Rangel Alves da
Costa*
Antes de
tudo, urge repassar uma informação para evitar que ponta de pedra e espinho
pontudo fira a sola do pé e atrapalhe a caminhada pelas estradas adiante.
Informação importante, pois se conta nos dedos quem sabe o que seja um roló. Na
cidade grande, talvez um bicho de sete cabeças. Noutros lugarejos, talvez uma
estripulia qualquer desde muito desaparecida. Nem mesmo no sertão o roló é
conhecido por todos. Somente pelos mais velhos, aqueles que faziam uso e
necessidade nos tantos afazeres matutos.
Roló até
que parece ser um nome esquisito, coisa estrambólica mesmo. Contudo, nada mais
que a própria feição sertaneja na sua originalidade maior, pois tão nordestino
e caboclo como o chapéu de couro, a sela, o estribo, a cilha, o chicote, a
cabaça, a cuia, o alforje, o aió e o embornal. Certamente que estava nos pés
dos primeiros desbravadores das matarias, dos primitivos curraleiros, dos
antigos caçadores, de toda uma gente primeira que tinha de suportar as durezas
das veredas cortantes e dos caminhos tomados de pedras e tocos de paus afiados.
E não saiu mais do pé do sertanejo.
E não saiu
porque nem todo sapato ou chinelo consegue suportar as asperezas da terra e os
tantos percalços da luta de todo dia, já desde a madrugada escura. Feito de
couro cru, sem alisamento nem enfeitação, o roló nada mais é que o sapato do
autêntico sertanejo nas suas lides debaixo do sol e da lua. Quando novo, assim
que sai das mãos do coureiro, provoca certa estranheza pelo seu cheiro forte de
couro curtido, mas nada que a labuta não transforme em aroma. E quem não haverá
de sentir perfume no barrufo da chuva caindo sobre a terra, no cheiro da palma
sendo pinicada, no leite da vaca caindo já no prato de estanho já com tiquinho
de farinha?
Bem assim
com o roló, que se torna tão amigo do homem quanto o cachorro perdigueiro e o
velho alazão de vida e vaqueirama.

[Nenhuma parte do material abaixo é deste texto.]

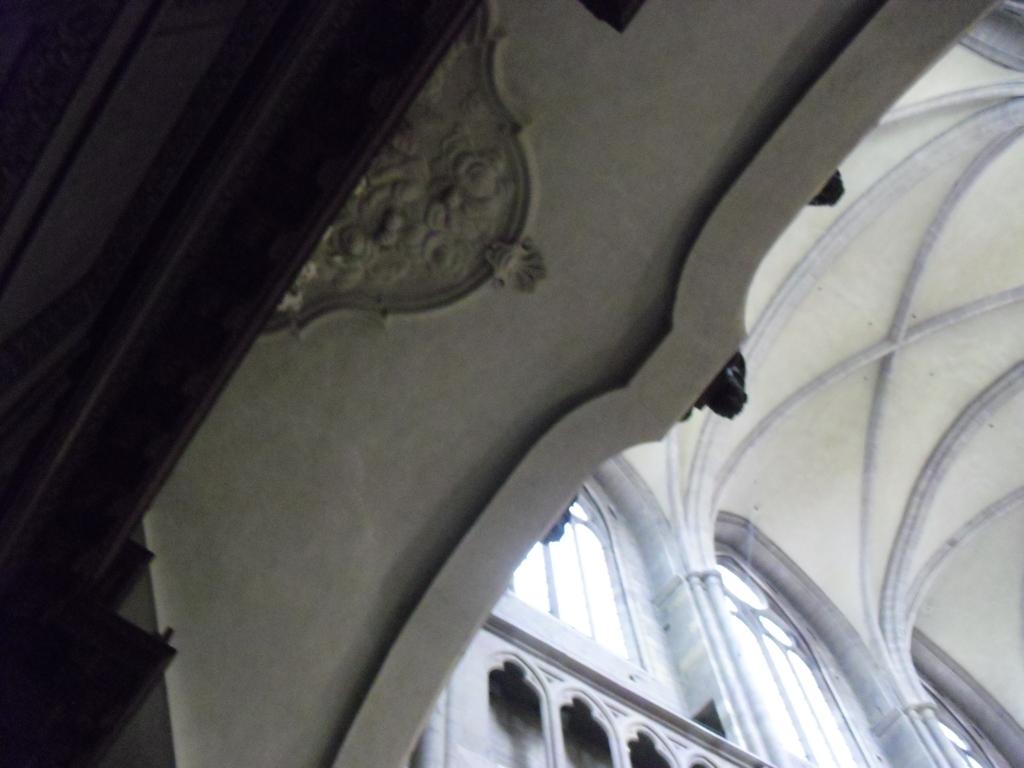 Cathédrale Saint-Bénigne de Dijon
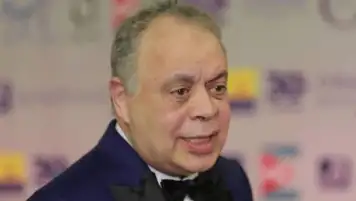 نقيب الممثلين: الشطب عقوبة التطبيع مع إسرائيل وقررنا استدعاء محمد رمضان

Possui a cor da terra sertaneja quando de
recente feitura, mas com o passar do tempo, com os usos e atropelos, então vai
se tornando na mais pura feição cabocla: cor esturricada de sol, no
avermelhamento do barro queimado e do massapê, cheirando a suor e a tronco de
baraúna e umbuzeiro. Quanto mais desgastado fica mais ganha firmeza e cor. Por
isso tão inseparável do homem e de sua história desde que teve de se proteger
para não se lanhar.
Assim era
o roló de Zejoão, celebrado por toda a região pelos feitos e pela fama de ter
feito muito mais. Figura lendária sertões adentro, deixou no rastro de
existência tanto a maestria nos ofícios que lhe eram confiados como afazeres
outros até hoje só acreditados por alguns. Os feitos na vaqueirama, na pega de
bicho brabo, na toada e no aboio, na caçada, na gestação da sobrevivência,
estes não podiam ser contestados, pois confirmados de geração a geração, mas
outros sempre se entremeavam de dúvidas. E assim porque também causos e mais
causos dizendo de seu ofício de coiteiro, de cabra de mando de coronel e até
lobisomem nas escuridões da quaresma.
Além da
fama, de sua história ainda permanece o roló pendurado num pé de parede, lá
pelas bandas da casa velha. Relíquia que ninguém ousa tirar dali, marcada para
desaparecer somente juntos aos escombros do barro e cipó, na verdade não passa
de uma lembrança carcomida pela idade, já quase sem jeito daquilo que um dia
foi um sapato de couro cru. Certa feita, um parente tentou jogar fora o roló e
então um vizinho logo acorreu para declarar guerra a todos e ao mundo se aquela
desfeita fosse levada adiante. E esbravejou: Mando chumbo em quem tirar esse
roló daí, e mais ainda se jogar fora.
Até que o
vizinho não deixava de ter razão em deixar lá no cantinho aquela relíquia,
principalmente pelas histórias guardadas naquele solado. E eram muitas, coisas
de acreditar e outras de não dar a menor confiança, mas que mesmo assim foram
sendo repassadas como verdadeiras através dos anos. A verdade é que muita gente
jurava ter sido Zejoão quem tinha dado um nó no rio numa época de seca grande e
fome ainda maior. Sentindo o povo prestes a morrer, ele se dirigiu até a
beirada do São Francisco, lá pelas bandas de Curralinho, repetiu por sete vezes
uma reza forte e logo as águas pararam. Com o nó dado, os peixes ficaram
aprisionados à espera dos famintos da região.
Noutra
feita, Zejoão cismou de ajudar seu amigo Lampião numa empreitada das mais
difíceis. E fez tudo sozinho. Foi assim. Tendo conhecimento de que a polícia
volante se encaminhava para o coito cangaceiro, ele logo correu e foi avisar ao
Capitão. Este quis antecipar o ataque, porém foi impedido pelo amigo, que disse
que daquela vez não se preocupasse que tomaria conta de tudo sozinho. E tomou
mesmo. Correu por dentro do mato até encontrar a volante. Fingindo medo, foi
logo dizendo: Avistei Lampião logo ali e tava junto com mais de duzentos
cangaceiros.
Então a
volante recuou para buscar reforço, pois seria morte certa aquele
enfrentamento. O bando, em número menor que o da volante, já se distanciava
àquela hora, e salvo pelas proezas de Zejoão.